Investments to Create Jobs and Connect Communities

  • Rogers to invest $2.5 billion to build 5G network in Western Canada, driving economic growth and strengthening innovation sector
  • New $1 billion fund dedicated to connecting rural, remote and Indigenous communities to high-speed Internet across the four Western provinces
  • Additional $3 billion to support additional network, services, and technology investments
  • Western head office of combined company to remain at Shaw Court in Calgary; President of Western operations and other senior roles to be based in Calgary
  • Rogers to maintain and grow local Shaw jobs so that teams across Alberta, British Columbia, Manitoba and Saskatchewan will continue to serve customers and support local communities
  • The combined company is committed to continue offering affordable wireless plans, with no overage fees, that meet the budgets and needs of Canadians. As part of this commitment, Rogers will not increase wireless prices for Freedom Mobile customers for at least three years following the close of the transaction

CALGARY and TORONTO, March 15, 2021 (GLOBE NEWSWIRE) -- Rogers Communications Inc. (“Rogers”) and Shaw Communications Inc. (“Shaw”) today announced that they have reached an agreement for Rogers to acquire all of Shaw’s issued and outstanding Class A Shares and Class B Shares in a transaction valued at approximately $26 billion inclusive of approximately $6 billion of Shaw debt (the “Transaction”).   The offer price of $40.50 per share represents a significant premium for Shaw shareholders; further details of the transaction are described below. The transaction is not subject to a financing condition as Rogers has secured committed debt financing, which it will use along with balance sheet cash and the issuance of 23.6 million shares to the Shaw Family Living Trust.

The combination of Rogers and Shaw builds on the strong legacy of two family-founded Canadian companies. The combined entity will have the scale, assets and capabilities needed to deliver unprecedented wireline and wireless broadband and network investments, innovation and growth in new telecommunications services, and greater choice for Canadian consumers and businesses.  
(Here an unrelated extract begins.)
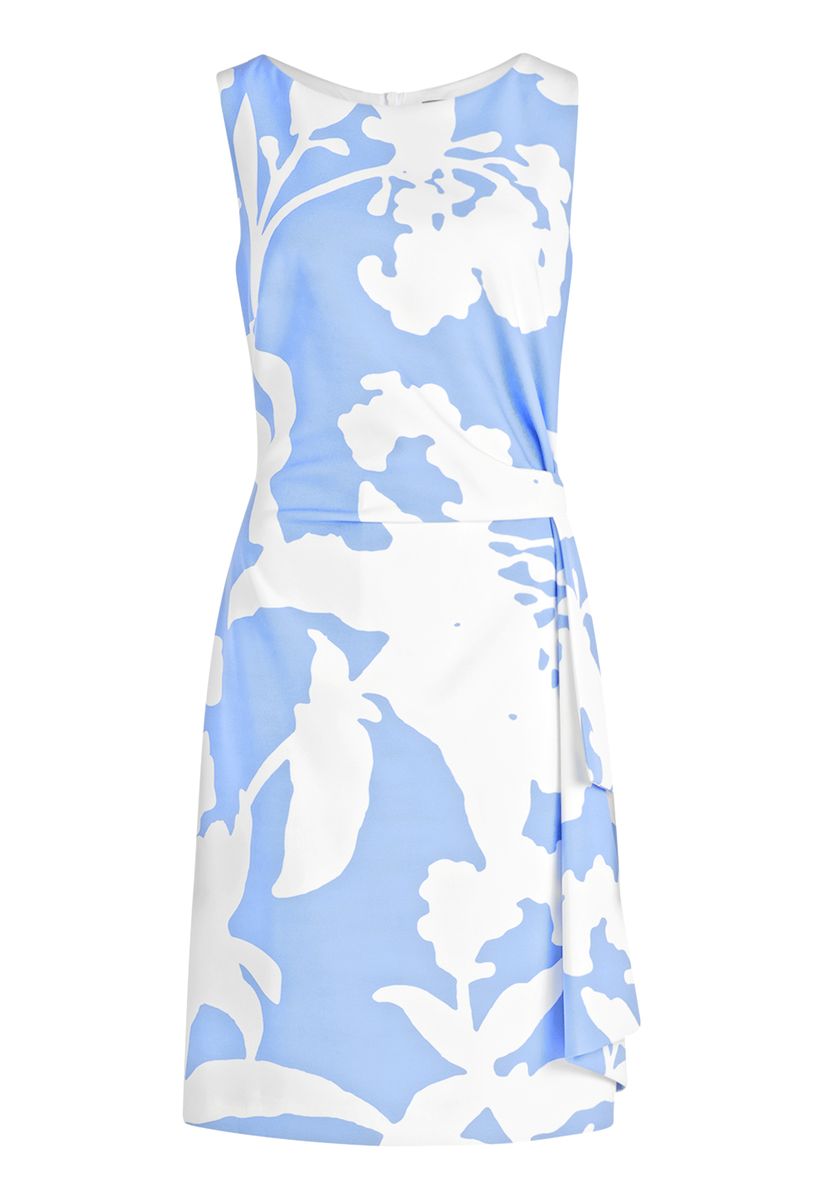 Elegantes Cocktailkleid mit Blumendruck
As part of the transaction, the combined company will invest $2.5 billion in 5G networks over the next five years across Western Canada, which will enhance competitiveness, offer consumers and businesses more choice and improved services, help close the digital divide between urban and rural communities, and deliver significant long-term benefits for businesses and consumers.

This transaction will create Canada’s most robust wholly-owned national network, and as a result of the combined spectrum holdings and enhanced capacity, will generate more choice and competition for businesses and consumers, as well as realizing the full benefits of next generation networks for Canadians and Canada’s productivity.
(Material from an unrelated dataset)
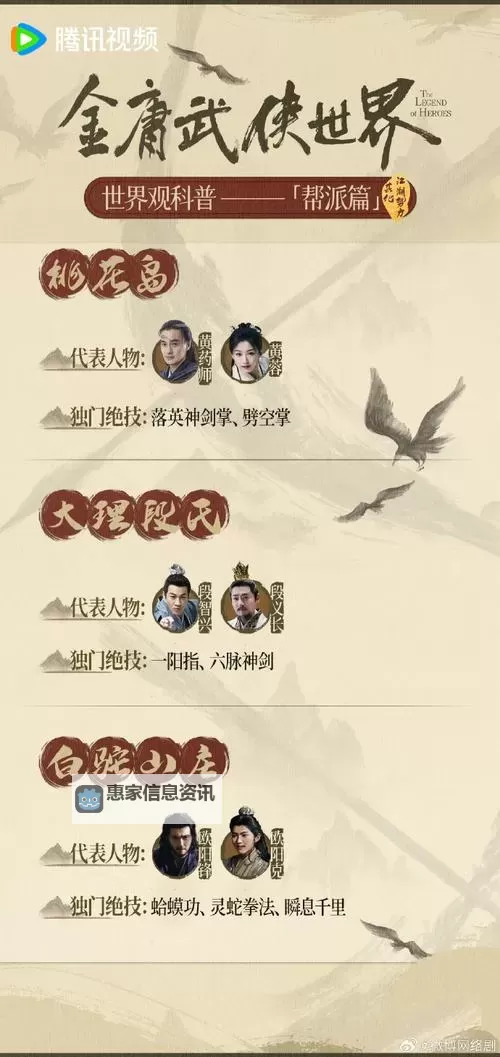 武当有一百多个门派:探秘武侠世界的多元门派体系图1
The combination will accelerate the delivery of critical 5G service across Western Canada, from rural areas to dense cities, more quickly than either company could achieve on its own. This will be accomplished by bringing together the expertise and assets of both companies, including Shaw’s existing cable, fibre, and wireless networks and Rogers’ robust national wireless network and extensive 5G capabilities.

Additionally, Rogers will commit to establishing a new $1 billion Rogers Rural and Indigenous Connectivity Fund dedicated to connecting rural, remote and Indigenous communities across Western Canada to high-speed Internet and closing critical connectivity gaps faster for underserved areas. As part of this fund, Rogers will consult with Indigenous communities to create Indigenous-owned and operated Internet Service Providers, which would leverage Rogers’ expanded networks and capabilities to create sustainable, local connectivity solutions.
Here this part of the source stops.